What is the convincing reason that MicroSlop is the trusted party to sign the shim with their (presumably NSA-blessed key)? Why is there no charitable equivalent like a small/mini LetsEncrypt foundation for the PKI aspect of Secure Boot? I also do not see a convincing reason it meaningfully improves security posture.

[maxlybbert]

In 2012, Windows 8 stopped booting on computers without UEFI secure boot. Hardware companies weren’t enthusiastic, but they couldn’t ignore Microsoft’s demand. Microsoft published the spec for how Windows 8 would handle secure boot, and that included the crypto key that will be expiring in September. Microsoft’s spec did actually have provisions for non-Microsoft operating systems.
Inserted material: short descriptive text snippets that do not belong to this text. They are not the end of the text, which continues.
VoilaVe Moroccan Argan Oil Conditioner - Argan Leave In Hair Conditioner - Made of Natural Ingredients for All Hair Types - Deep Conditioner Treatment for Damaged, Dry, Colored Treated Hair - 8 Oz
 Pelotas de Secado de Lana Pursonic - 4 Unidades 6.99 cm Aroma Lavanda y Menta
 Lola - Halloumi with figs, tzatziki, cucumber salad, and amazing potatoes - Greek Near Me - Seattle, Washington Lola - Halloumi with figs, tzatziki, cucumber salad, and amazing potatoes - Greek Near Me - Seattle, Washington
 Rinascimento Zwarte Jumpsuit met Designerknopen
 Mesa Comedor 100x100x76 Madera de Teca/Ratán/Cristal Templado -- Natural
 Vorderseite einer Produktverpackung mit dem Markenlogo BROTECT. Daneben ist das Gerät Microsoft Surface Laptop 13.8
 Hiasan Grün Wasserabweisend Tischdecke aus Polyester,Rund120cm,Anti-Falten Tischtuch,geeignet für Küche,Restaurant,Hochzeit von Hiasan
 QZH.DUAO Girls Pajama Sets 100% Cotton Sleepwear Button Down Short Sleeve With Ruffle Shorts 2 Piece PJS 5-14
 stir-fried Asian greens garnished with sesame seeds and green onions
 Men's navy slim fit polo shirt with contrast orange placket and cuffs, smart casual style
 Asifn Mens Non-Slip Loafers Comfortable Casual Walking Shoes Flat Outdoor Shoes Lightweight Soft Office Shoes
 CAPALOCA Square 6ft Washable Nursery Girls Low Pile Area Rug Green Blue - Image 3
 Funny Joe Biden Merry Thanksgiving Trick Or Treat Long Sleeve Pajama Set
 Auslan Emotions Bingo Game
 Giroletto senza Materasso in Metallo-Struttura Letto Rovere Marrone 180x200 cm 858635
Linux developers didn’t all agree about whether Linux needed to do anything about Microsoft’s plan, but ultimately a Red Hat programmer convinced enough people that it would be easier to follow Microsoft’s spec than to tell new users to “turn off secure boot” if they wanted to run Linux ( https://mjg59.dreamwidth.org/12368.html ). This wasn’t a popular decision, and it hasn’t become any more popular over time, but it has worked.

[cute_boi]

Red hat always creates problem in linux....

[whateverboat]

No. I was there in 2012, Redhat's solution was the only solution which would have properly worked. Eventually, the infrastructure developed for measured boot due to these measures allowed Linux to use TPM in it's proper usage, and allowed sedutils and similar applications to be supported on linux.

[calgarymicro]

You can load your own Secure Boot keys and sign your bootloader yourself; as for why the Microsoft ones are preloaded, probably because they're the only entity that interacts with all of these OEMs and had enough leverage over them to force Secure Boot adoption in the first place.

[jeroenhd]

Thanks to the incredible combination of Lenovo and Nvidia, I cannot remove the Microsoft keys from my laptop. Not because Microsoft backdoored my computer, but because the Nvidia boot ROM is signed by an MS cert and that runs before you can access the UEFI setup.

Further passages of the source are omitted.